Young Entrepreneurs on How to Spend Your First $1 Million
Luxury rides, glitzy addresses, private jets…These are just a few assumed splurges of the suddenly wealthy tech elite. And though many shell out big for bling and baubles, a number of young and newly moneyed tech titans are plowing it back into their startups instead.
Despite the billions of venture capital poured into the tech world, one of the biggest reasons why fast-growth startups fail is a lack of funds. But, placing talent above an extravagant address and champagne wishes gives a startup a fighting chance.
Here's how three hot young founders suggest spending your riches:
Two years ago, the now 21-year-old Sahil Lavingia, who found success at Pinterest, Turntable.fm and Crate, launched Gumroad.
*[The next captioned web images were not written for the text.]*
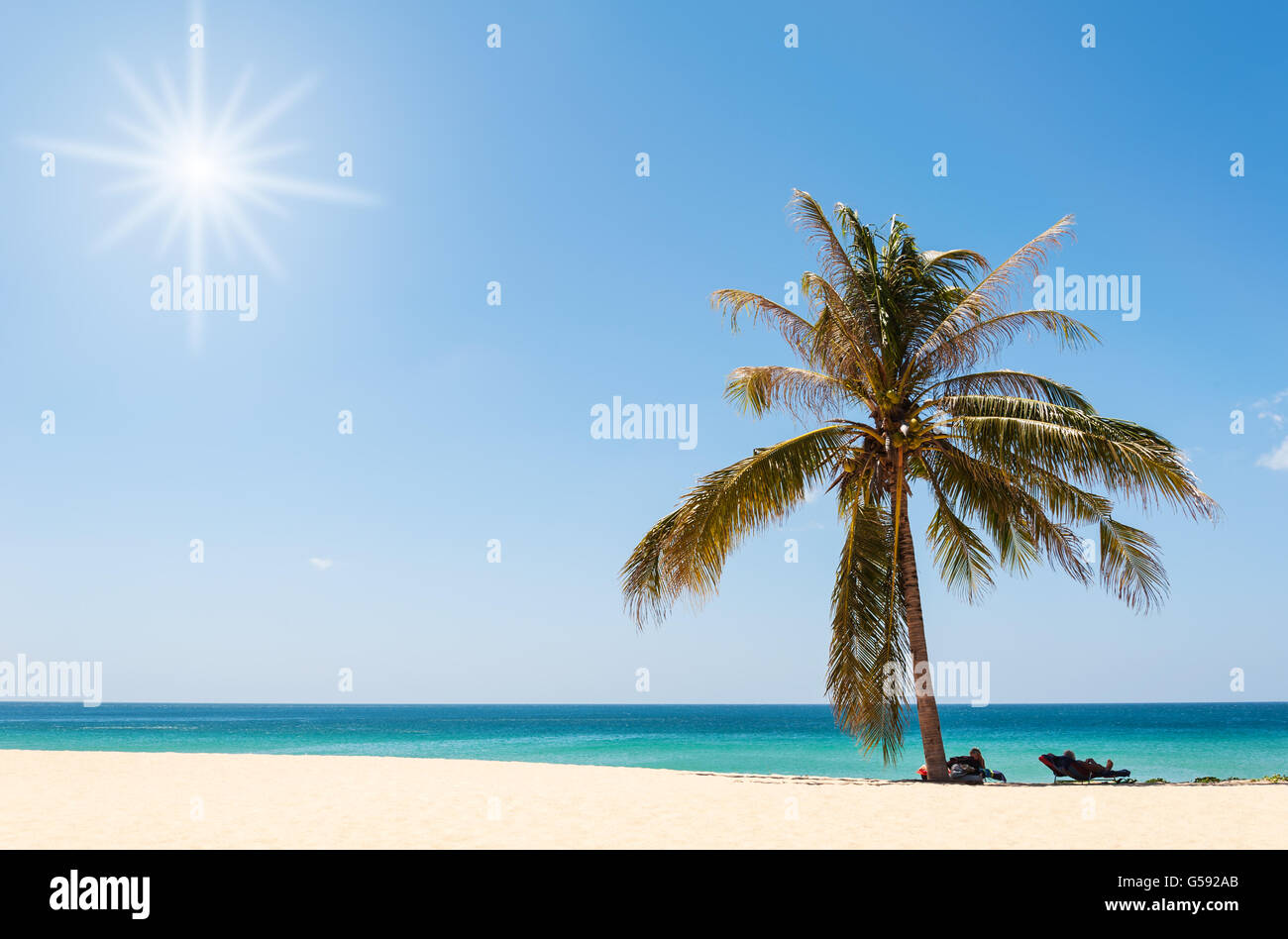 Beautiful beach with blue sea and blue sky and over light the sun Stock Photo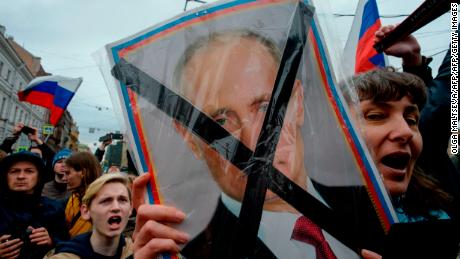 Protesters hold placards of Russian President Vladimir Putin during Saturday's rally.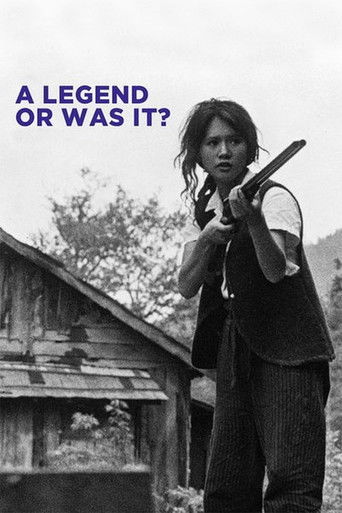 The poster features a hauntingly realistic black-and-white image of a woman with long hair, holding a shotgun over a rustic wooden structure. The stark monochrome palette and somber mood evoke a sense of mystery and danger. The text "A LEGEND OR WAS IT?" adds an intriguing twist to the scene.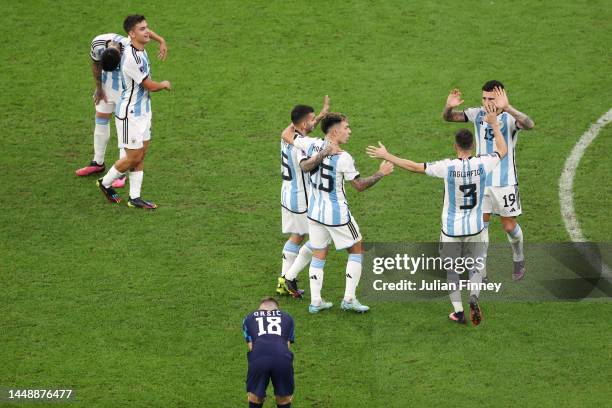 Angel Correa, Lisandro Martinez, Nicolas Tagliafico and Nicolas Otamendi of Argentina celebrate following their sides victory after the FIFA World...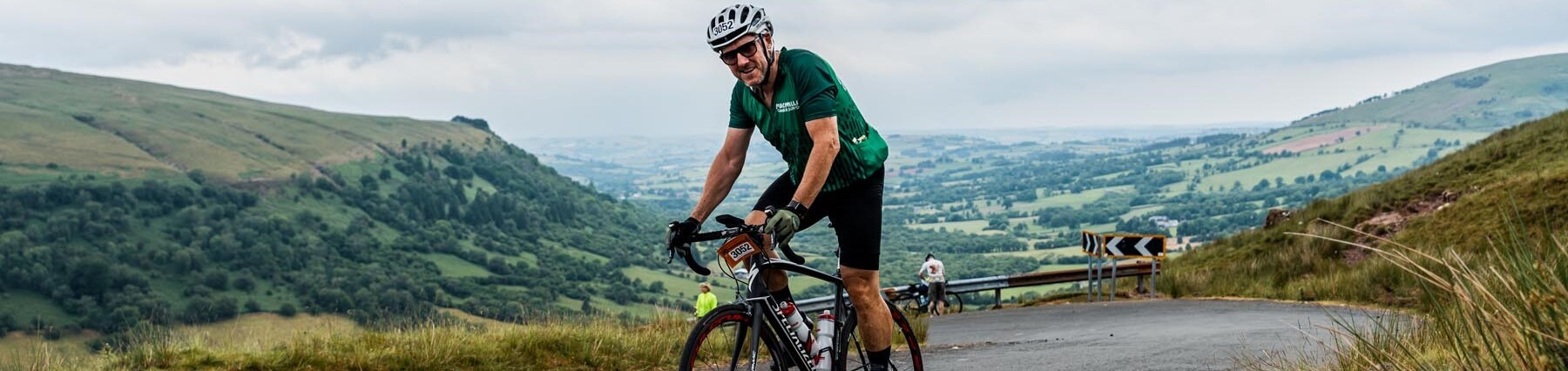 Man riding up a steep road wearing a Macmillan cycling top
So far, the San Francisco-based company that wants to make it easy for creative people to sell intangible products like songs, photos and written word, has received roughly $8 million in venture-capital funds from Kleiner Perkins Caufield & Byers, among others.
So when asked the young entrepreneur how he suggests fellow founders spend their first million-dollar paydays, it’s no surprise that he listed “people” as his top choice.
“I would allocate 99 percent to people, and maybe a little bit to server cost," says Lavingia, who has managed to attract employees from bigger firms like Yelp and Square. "People should be the only expense at an early technology company… You're not providing a human-powered service, you are building products. Products need code to run, not money.”
Minshew of The Muse holds a similar view. “I would spend my first $1 million almost entirely on talent -- on building the team that is going to help you succeed," says Minshew, 28. As her website, which caters to young professionals trying to climb the ranks, might suggest, she recommends prudence.
"I wouldn't spend it too quickly, and I wouldn't overpay on people," she says. "If they're joining a startup with their first $1million, they should be getting equity and understanding that the position likely doesn't come with market salaries.”
Minshew, whose team announced $1.2 million round of seed funding earlier this year continued: “With that team and that first million, I would carefully plot out what metrics are key to your success and what they need to look like to prove your idea is working and get to the next level. And then I'd get to work!”
As the co-founder of One, a mobile app that's attracted angel and VC funds, Levy thinks you should simply ignore your first million.
“You should act like you don’t have that first million in the bank," says Levy, the 22-year-old whose product notifies users when members with shared interests cross their path. Since relaunching the app in 2013, the San Francisco-based entrepreneur has attracted more than $1 million from venture-capital groups including Charles River Ventures and True Ventures along with angels like Gary Vaynerchuk and Keith Rabois.
"Even today we still act like a company that’s not funded. The more you can act like you’re not funded the more successful you can be," he says, adding: “Don’t stay at five star hotels or fly first class. If you’re letting money get to your head, it’s going to get your head, and you might not have that tomorrow. As a startup company, you should use that money to grow. Grow your team size using your product to get more users.”